== Required action ==
Everything from the line containing "时代变迁，它依旧是这座古城的明信片" through the line containing "Strach przed koronawirusem: jak" should be repeated exactly, and nothing else from the data.

== Data extracts ==
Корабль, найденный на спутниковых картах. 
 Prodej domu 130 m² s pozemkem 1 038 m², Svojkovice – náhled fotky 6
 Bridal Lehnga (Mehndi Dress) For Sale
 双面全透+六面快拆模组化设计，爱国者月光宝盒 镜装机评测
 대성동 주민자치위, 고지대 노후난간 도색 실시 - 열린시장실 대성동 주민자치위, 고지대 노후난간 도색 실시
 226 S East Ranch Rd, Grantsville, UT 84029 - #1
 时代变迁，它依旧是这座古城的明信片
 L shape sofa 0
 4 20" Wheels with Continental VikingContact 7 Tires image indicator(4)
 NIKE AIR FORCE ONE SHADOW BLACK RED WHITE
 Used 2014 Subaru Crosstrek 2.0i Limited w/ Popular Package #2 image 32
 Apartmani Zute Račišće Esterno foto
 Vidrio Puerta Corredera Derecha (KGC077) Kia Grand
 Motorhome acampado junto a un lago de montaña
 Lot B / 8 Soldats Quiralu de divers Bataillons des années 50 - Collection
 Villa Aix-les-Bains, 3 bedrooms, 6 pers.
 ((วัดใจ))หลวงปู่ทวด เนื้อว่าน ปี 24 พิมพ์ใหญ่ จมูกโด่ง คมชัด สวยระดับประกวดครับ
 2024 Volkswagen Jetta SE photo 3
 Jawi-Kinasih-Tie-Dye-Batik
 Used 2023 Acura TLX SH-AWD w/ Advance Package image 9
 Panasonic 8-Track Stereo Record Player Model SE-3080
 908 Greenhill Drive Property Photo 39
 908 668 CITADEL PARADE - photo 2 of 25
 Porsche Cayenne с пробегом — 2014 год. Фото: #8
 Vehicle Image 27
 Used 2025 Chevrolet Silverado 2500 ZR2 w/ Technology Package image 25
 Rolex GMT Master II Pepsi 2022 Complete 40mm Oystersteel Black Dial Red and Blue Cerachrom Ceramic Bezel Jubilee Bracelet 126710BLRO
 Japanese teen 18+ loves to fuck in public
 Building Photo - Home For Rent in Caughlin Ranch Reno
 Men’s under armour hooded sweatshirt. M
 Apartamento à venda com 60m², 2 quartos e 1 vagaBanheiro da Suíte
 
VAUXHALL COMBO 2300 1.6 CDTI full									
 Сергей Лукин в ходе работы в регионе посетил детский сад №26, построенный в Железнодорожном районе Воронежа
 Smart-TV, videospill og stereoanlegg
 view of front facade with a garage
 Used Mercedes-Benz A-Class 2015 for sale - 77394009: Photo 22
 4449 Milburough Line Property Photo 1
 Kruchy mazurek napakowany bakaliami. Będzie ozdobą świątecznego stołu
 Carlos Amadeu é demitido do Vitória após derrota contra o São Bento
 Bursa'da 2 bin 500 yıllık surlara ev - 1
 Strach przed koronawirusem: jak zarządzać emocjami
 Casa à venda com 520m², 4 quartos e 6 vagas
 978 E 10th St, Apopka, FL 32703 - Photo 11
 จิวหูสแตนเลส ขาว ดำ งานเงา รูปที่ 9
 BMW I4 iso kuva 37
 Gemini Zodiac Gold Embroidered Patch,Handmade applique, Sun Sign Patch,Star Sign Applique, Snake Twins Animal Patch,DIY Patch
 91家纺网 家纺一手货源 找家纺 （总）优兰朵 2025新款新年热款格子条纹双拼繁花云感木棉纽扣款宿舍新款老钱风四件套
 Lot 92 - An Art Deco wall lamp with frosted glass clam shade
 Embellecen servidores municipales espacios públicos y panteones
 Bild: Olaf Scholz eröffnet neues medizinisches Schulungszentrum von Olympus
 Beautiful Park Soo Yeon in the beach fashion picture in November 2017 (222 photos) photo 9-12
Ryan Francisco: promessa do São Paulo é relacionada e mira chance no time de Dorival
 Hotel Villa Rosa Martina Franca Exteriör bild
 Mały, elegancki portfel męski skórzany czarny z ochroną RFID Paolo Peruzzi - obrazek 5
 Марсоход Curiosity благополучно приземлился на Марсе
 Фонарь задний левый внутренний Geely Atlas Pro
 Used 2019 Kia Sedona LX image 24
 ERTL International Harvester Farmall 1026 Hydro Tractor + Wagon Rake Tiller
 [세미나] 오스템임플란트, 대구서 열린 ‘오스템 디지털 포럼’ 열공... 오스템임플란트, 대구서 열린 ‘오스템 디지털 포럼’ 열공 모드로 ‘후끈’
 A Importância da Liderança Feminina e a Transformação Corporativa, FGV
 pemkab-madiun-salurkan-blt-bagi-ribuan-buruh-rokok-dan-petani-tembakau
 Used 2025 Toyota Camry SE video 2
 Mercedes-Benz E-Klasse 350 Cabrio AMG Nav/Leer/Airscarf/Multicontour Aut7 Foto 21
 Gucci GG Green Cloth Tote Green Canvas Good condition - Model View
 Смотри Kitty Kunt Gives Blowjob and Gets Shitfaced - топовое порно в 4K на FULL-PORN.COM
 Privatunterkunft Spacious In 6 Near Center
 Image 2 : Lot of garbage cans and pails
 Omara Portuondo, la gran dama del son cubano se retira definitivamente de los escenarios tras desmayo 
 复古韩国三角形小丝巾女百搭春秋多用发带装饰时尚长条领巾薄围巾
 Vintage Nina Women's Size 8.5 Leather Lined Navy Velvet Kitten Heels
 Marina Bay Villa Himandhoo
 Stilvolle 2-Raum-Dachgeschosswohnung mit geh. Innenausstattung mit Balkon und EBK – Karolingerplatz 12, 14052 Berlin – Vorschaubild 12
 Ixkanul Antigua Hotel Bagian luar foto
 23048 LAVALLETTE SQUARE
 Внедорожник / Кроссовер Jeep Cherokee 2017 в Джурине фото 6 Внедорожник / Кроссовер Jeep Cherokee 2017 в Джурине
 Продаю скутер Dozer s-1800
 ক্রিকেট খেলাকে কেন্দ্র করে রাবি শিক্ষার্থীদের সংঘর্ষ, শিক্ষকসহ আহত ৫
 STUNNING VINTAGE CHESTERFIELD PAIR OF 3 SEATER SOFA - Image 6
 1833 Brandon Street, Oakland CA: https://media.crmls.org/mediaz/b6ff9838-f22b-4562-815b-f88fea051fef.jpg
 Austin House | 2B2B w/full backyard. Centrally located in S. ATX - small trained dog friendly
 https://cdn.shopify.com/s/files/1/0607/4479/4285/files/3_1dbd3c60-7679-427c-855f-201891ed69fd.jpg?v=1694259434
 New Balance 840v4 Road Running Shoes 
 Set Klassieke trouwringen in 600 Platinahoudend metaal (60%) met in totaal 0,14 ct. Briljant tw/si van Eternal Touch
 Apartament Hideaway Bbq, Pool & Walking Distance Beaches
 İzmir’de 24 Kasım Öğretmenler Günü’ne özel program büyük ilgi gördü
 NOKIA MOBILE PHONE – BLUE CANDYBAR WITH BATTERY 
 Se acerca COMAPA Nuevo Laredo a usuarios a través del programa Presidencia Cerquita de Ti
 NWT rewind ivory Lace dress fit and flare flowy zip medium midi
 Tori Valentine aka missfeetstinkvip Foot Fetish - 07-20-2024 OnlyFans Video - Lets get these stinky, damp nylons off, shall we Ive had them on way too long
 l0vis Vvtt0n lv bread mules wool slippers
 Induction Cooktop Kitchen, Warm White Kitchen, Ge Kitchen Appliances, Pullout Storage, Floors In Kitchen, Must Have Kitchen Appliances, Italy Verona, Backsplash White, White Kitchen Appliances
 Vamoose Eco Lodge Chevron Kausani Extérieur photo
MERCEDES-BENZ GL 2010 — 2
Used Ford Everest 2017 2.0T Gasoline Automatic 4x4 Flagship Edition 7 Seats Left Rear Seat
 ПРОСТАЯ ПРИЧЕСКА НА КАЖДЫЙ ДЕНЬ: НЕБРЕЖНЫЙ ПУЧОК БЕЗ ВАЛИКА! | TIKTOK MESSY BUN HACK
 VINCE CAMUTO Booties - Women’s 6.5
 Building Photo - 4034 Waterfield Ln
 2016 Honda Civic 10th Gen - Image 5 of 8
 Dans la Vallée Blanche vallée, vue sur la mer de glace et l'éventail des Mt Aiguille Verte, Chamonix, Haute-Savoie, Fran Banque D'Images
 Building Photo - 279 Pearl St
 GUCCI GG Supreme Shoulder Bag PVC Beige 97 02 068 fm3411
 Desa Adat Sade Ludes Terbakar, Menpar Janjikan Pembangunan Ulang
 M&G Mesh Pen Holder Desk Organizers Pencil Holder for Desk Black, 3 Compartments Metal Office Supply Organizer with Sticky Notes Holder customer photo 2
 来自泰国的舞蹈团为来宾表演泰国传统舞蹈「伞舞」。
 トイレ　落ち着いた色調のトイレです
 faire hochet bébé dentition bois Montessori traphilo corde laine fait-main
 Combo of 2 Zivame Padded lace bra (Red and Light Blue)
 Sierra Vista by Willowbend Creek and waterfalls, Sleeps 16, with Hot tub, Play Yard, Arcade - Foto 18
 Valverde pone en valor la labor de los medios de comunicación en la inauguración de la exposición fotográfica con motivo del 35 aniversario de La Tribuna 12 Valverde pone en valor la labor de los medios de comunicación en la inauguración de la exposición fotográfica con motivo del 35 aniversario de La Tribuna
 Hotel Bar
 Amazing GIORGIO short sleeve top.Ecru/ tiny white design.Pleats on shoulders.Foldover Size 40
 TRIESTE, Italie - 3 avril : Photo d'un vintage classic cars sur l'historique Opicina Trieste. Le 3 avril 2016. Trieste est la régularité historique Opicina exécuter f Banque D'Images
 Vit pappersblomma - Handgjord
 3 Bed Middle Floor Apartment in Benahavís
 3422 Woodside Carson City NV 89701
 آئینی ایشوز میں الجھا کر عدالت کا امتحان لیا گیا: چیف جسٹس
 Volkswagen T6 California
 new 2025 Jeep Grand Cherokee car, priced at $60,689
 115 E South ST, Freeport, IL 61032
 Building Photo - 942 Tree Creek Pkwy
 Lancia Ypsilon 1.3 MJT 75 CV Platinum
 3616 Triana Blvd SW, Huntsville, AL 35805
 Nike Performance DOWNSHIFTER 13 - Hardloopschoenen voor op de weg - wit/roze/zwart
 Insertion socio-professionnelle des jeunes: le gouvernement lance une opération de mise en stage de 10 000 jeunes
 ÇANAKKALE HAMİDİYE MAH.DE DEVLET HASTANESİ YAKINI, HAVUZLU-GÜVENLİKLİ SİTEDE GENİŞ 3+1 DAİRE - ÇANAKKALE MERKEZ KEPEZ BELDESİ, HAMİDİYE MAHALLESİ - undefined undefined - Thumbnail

== Solution for this task ==
 时代变迁，它依旧是这座古城的明信片
 L shape sofa 0
 4 20" Wheels with Continental VikingContact 7 Tires image indicator(4)
 NIKE AIR FORCE ONE SHADOW BLACK RED WHITE
 Used 2014 Subaru Crosstrek 2.0i Limited w/ Popular Package #2 image 32
 Apartmani Zute Račišće Esterno foto
 Vidrio Puerta Corredera Derecha (KGC077) Kia Grand
 Motorhome acampado junto a un lago de montaña
 Lot B / 8 Soldats Quiralu de divers Bataillons des années 50 - Collection
 Villa Aix-les-Bains, 3 bedrooms, 6 pers.
 ((วัดใจ))หลวงปู่ทวด เนื้อว่าน ปี 24 พิมพ์ใหญ่ จมูกโด่ง คมชัด สวยระดับประกวดครับ
 2024 Volkswagen Jetta SE photo 3
 Jawi-Kinasih-Tie-Dye-Batik
 Used 2023 Acura TLX SH-AWD w/ Advance Package image 9
 Panasonic 8-Track Stereo Record Player Model SE-3080
 908 Greenhill Drive Property Photo 39
 908 668 CITADEL PARADE - photo 2 of 25
 Porsche Cayenne с пробегом — 2014 год. Фото: #8
 Vehicle Image 27
 Used 2025 Chevrolet Silverado 2500 ZR2 w/ Technology Package image 25
 Rolex GMT Master II Pepsi 2022 Complete 40mm Oystersteel Black Dial Red and Blue Cerachrom Ceramic Bezel Jubilee Bracelet 126710BLRO
 Japanese teen 18+ loves to fuck in public
 Building Photo - Home For Rent in Caughlin Ranch Reno
 Men’s under armour hooded sweatshirt. M
 Apartamento à venda com 60m², 2 quartos e 1 vagaBanheiro da Suíte
 
VAUXHALL COMBO 2300 1.6 CDTI full									
 Сергей Лукин в ходе работы в регионе посетил детский сад №26, построенный в Железнодорожном районе Воронежа
 Smart-TV, videospill og stereoanlegg
 view of front facade with a garage
 Used Mercedes-Benz A-Class 2015 for sale - 77394009: Photo 22
 4449 Milburough Line Property Photo 1
 Kruchy mazurek napakowany bakaliami. Będzie ozdobą świątecznego stołu
 Carlos Amadeu é demitido do Vitória após derrota contra o São Bento
 Bursa'da 2 bin 500 yıllık surlara ev - 1
 Strach przed koronawirusem: jak zarządzać emocjami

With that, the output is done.